Cultura

News Corp says publishing wing lost money

(Reuters) - Rupert Murdoch's News Corp said the publishing arm it plans to spin off from its entertainment assets would have lost $2.08 billion in the last fiscal year if it were a standalone company.

"New News Corp", as the company dubs its publishing wing, will include newspapers, information marketing services, digital real estate, book publishing, digital education, and sports programming and pay-TV distribution in Australia, the company said on Friday.

The loss included an impairment charge of around $2.6 billion, News Corp said in a filing, but it added that revenue fell 5 percent, hit by the 2011 closure of the News of the World paper after the UK phone hacking scandal, and lower revenues at its Australian papers. (http://r.reuters.com/veb84t)

The unit would have reported a net loss of $92 million in the three months to September 30, it said.

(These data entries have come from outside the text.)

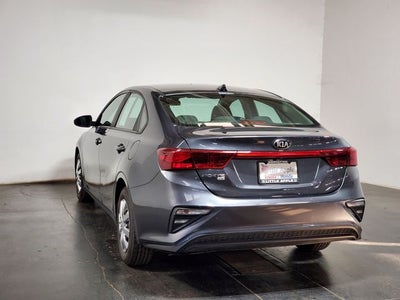 2021 Kia Forte FE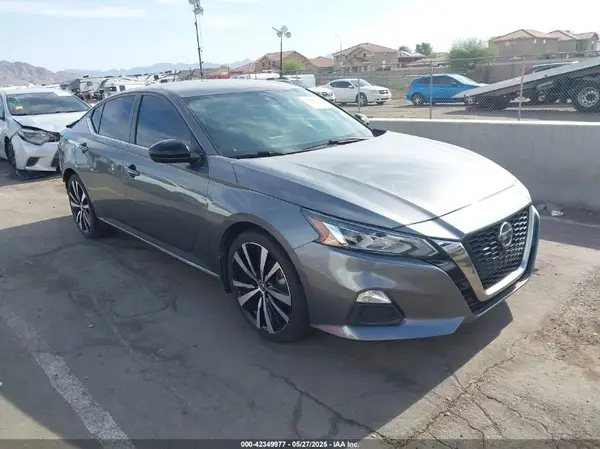 1N4BL4CV3NN369059 2022 NISSAN ALTIMA - Image 1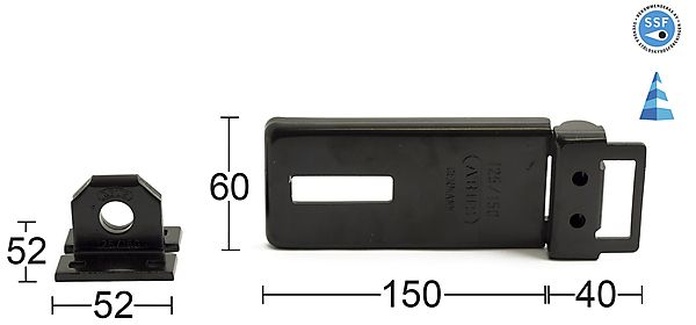 ABUS 125/150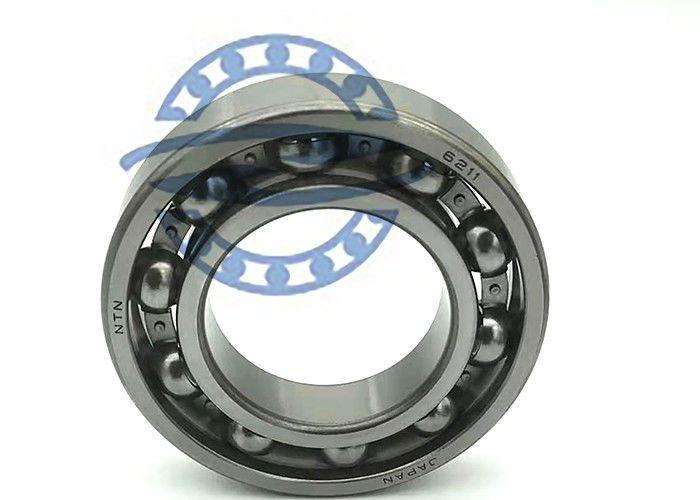 Вес 0.21KG размера 30x62x16 mm шарикоподшипника паза P5 6206-2RS1NR глубокий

It would have been profitable in fiscal 2011 to the tune of $678 million.

The publishing division includes the HarperCollins book publisher, its education arm headed by former New York schools Chancellor Joel Klein, and newspapers including the Wall Street Journal, the Times of London, the Sun, the New York Post and the Australian.

New Corp filed with the U.S. Securities and Exchange Commission on Friday to separate its publishing and entertainment assets into two publicly traded companies.

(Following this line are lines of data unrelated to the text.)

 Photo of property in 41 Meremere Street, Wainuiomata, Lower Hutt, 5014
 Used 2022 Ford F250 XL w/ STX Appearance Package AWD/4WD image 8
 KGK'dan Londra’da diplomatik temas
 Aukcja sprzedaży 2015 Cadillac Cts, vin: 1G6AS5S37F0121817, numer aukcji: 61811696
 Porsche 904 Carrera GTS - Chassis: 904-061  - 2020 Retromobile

Robert Thomson, a close confidant of Murdoch and currently managing editor of the Wall Street Journal and editor in chief of its publisher Dow Jones & Co, will lead the new publishing company.

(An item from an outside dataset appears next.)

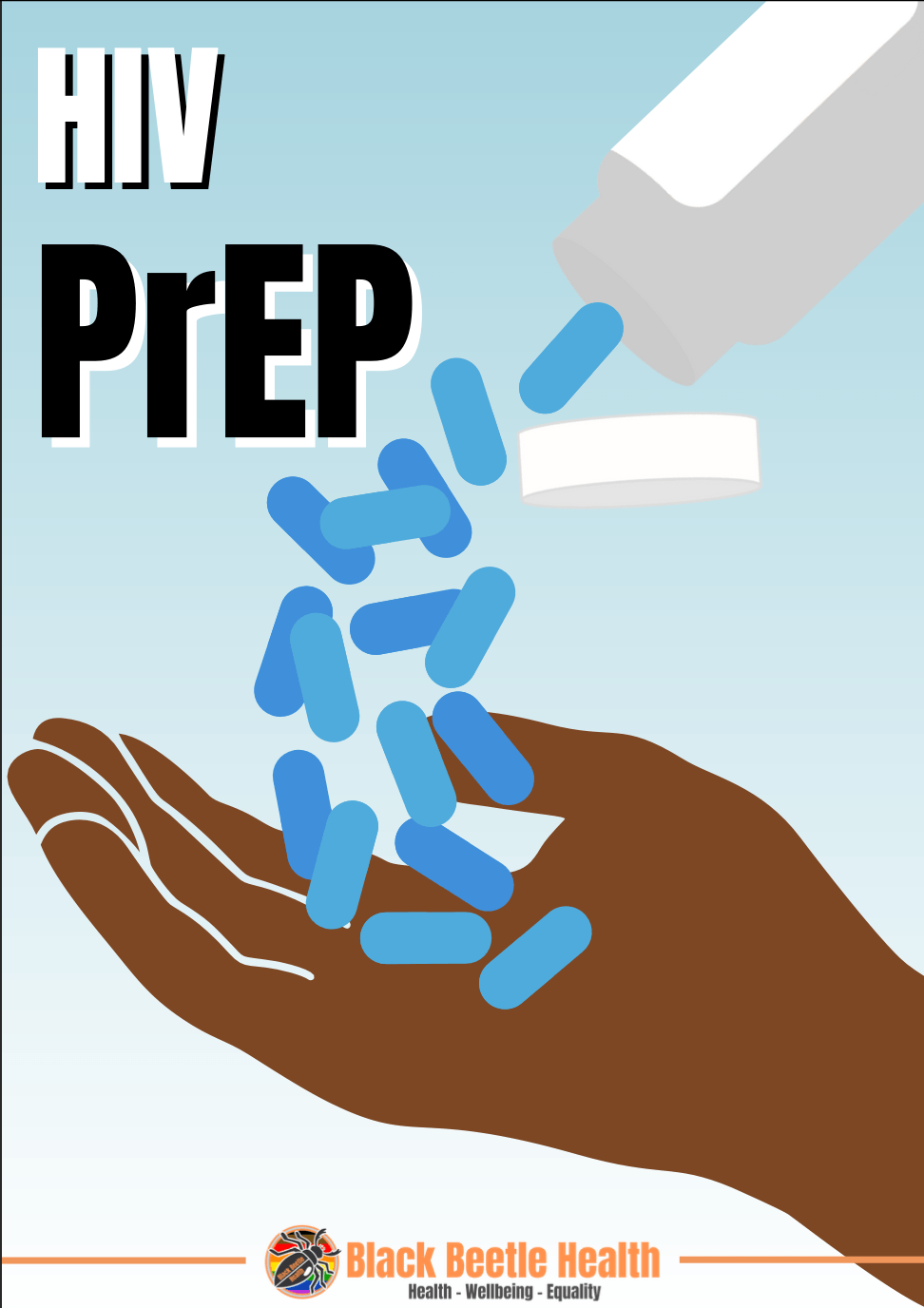 HIV PrEP guide for LGBTQ+ people of colour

News Corp said in June that it would separate its publishing and entertainment assets after shareholders pressed it to get rid of its troubled newspaper business.

The phone hacking scandal erupted at the News Of The World last year, forcing it to close the paper in July and drop its proposed purchase of the rest of BSkyB, its British pay-TV network.

News Corp's film and television businesses currently include the 20th Century Fox film studio, Fox broadcasting network and Fox News channel.

Shares of the company closed at $25.42 on Thursday on the Nasdaq.